Recovered mailboxes can be merged only with existing mailboxes. If you are recovering a deleted mailbox, it is necessary to create a new mailbox first. It can have the same name as the original.

The GUID of the new mailbox will differ from the GUID of the original mailbox. That is why the automatic merging described above will not work. You will need to mount the recovered contents to the new mailbox manually.

MS Exchange 2010 recovery

MS Exchange 2010 is recovered with the help of a recovery database. It is created by the Exchange Management Shell.

  1. Launch the Exchange Management Console. Open the Start menu. Under Microsoft Exchange Server 2010, click Exchange Management Shell
  2. Run the following command:

    New-MailboxDatabase -Recovery -Name <Recovery_database_name> -Server "<Exchange_server_name>" -EdbFilePath "<EDB_file_path>" -LogFolderPath "<Log_folder_path>"

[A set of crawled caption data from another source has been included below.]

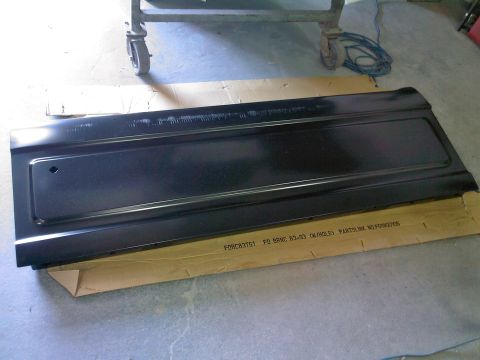 1992 Ford Bronco - A black tailgate panel, likely for a Ford Bronco from 1983-1993, is shown laid out on cardboard.
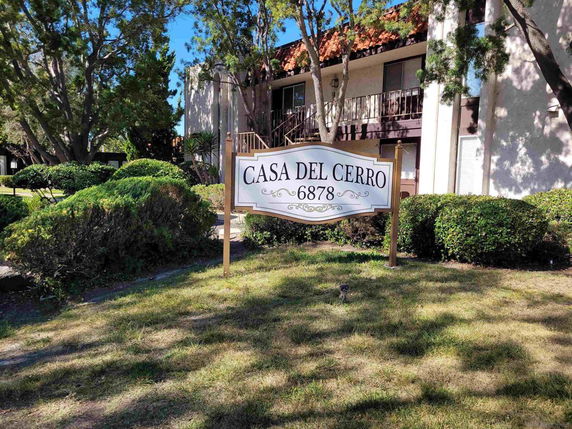Front view of a residential building with a sign reading 'Casa del Cerro 6878'.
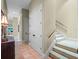 Hallway featuring tile flooring, closet and stairs at 2001 Bett Mar Ln, Winter Park, FL 32789
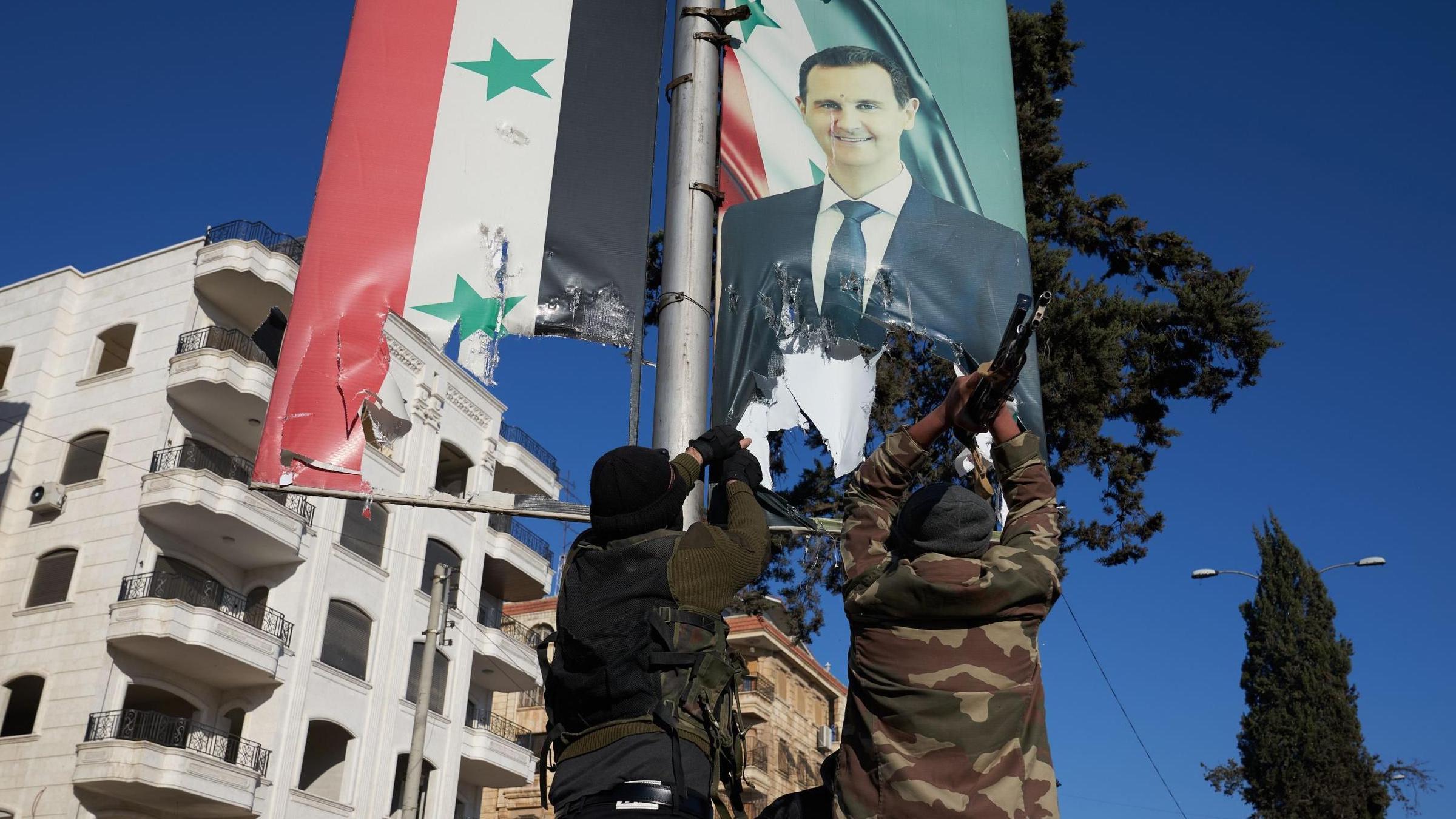 Dos hombres con ropa de camuflaje vistos desde detrás de un cartel con la imagen del presidente sirio, Bashar al Assad.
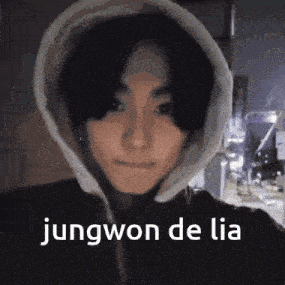 a close up of a person wearing a hoodie with the words jungwon de lia written on it .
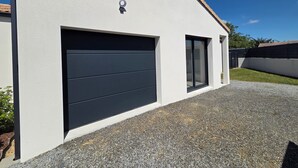 En modern byggnad med en stor garageport, ett litet fönster och en övervakningskamera.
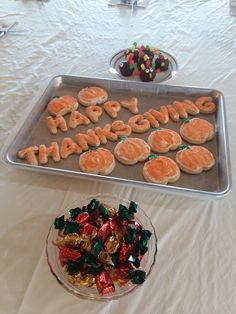 a tray with cookies and candies that say happy thanksgiving on it, along with a bowl of candy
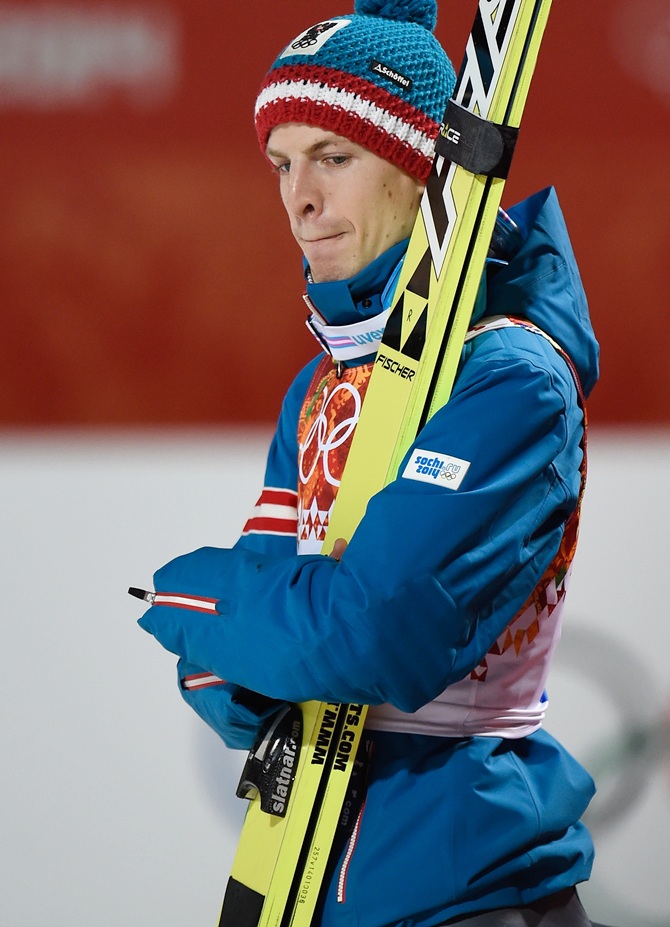 Michael Hayboeck of Austria looks during the Men's Large Hill Individual.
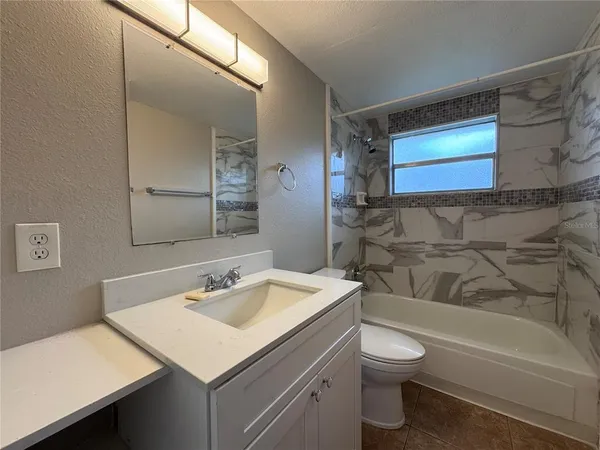 a bathroom with a sink toilet vanity and bathtub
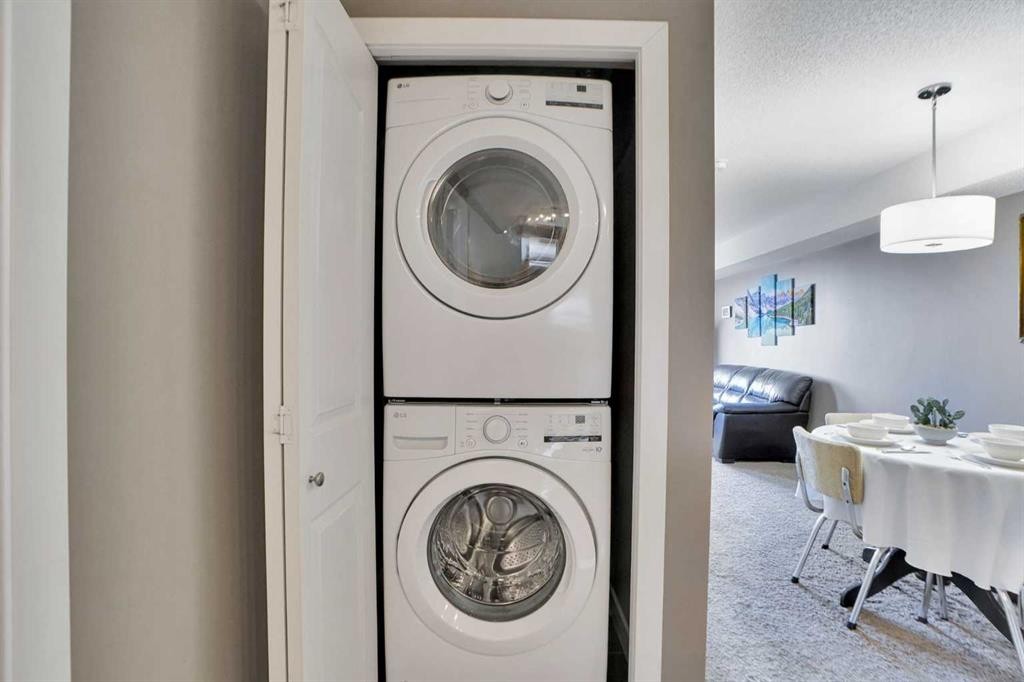 414-7210 80 Avenue Ne, Calgary, AB - Indoor Photo Showing Laundry Room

    3. Here is a brief explanation of the parameters to submit.

    • New-MailboxDatabase is a cmdlet that creates a mailbox database object in the database container in Active Directory (view Microsoft instructions)
    • -Recovery – specifies that the new database will be a recovery database
    • <Recovery_database_name> – the name of the new database (must be unique within your organization)
    • <Exchange_server_name> – the name of the server the new database will be created on
    • <EDB_file_path> – the path to the restored mailbox database file
    • <Log_folder_path> – the path to the folder that will be used for transaction log files

    For example:

    New-MailboxDatabase -Name RecoveryDatabase01 -Server TestExchange-2010 -Recovery -EdbFilePath "B:\Exchange\2016-07-26\Exchange Server\V14\Mailbox\DB\DB01.edb" -LogFolderPath "D:\Exchange\2016-07-26\Microsoft\Exchange Server\V14\Mailbox\DB\Logs"

  3. In the Exchange Management Console, go to Organization Configuration > Mailbox > Database Management. Select the recovery database that you’ve just created and click Mount Database
  4. In the Exchange Management Shell, get the list of mailboxes in the recovery database:

    Get-MailboxStatistics -Database <Recovery_database_name>

  5. To restore one of the mailboxes from the recovery database, use the following command:

    Restore-Mailbox <Mailbox_name> -RecoveryDatabase <Recovery_database_name>

  6. Repeat the command for all other mailboxes that you want to restore

Post-recovery instructions

MS Exchange 2007

Dismount the database and remove the recovery storage group.

MS Exchange 2010

Dismount the recovery database and remove it from the Exchange Management Console.